Aim of the task:
Word for word, copy the data that follows and skip its pictures.

Data block:
=== Section Start ===
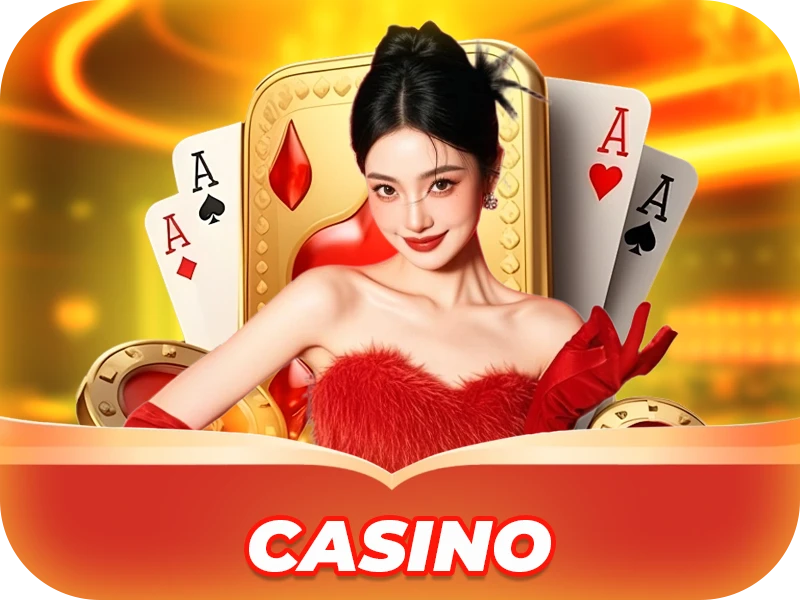 Những điều khoản và điều kiện Xoso66 người chơi nên nắm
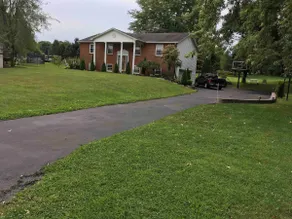 Allentown home PefectGetaway Near Dorney/ resort - Image 2
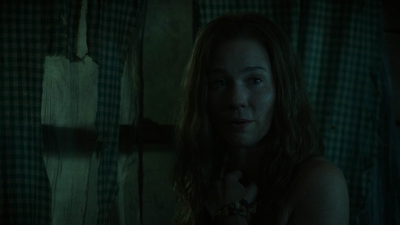 twd1018_scnet_1536.jpg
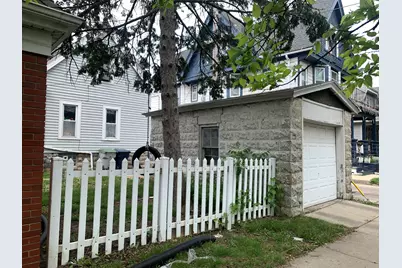 2900 W Arthur Ave #2902, Milwaukee, WI 53215 - Photo 16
=== Section End ===
Response for this exercise:
 Những điều khoản và điều kiện Xoso66 người chơi nên nắm
 Allentown home PefectGetaway Near Dorney/ resort - Image 2
 twd1018_scnet_1536.jpg
 2900 W Arthur Ave #2902, Milwaukee, WI 53215 - Photo 16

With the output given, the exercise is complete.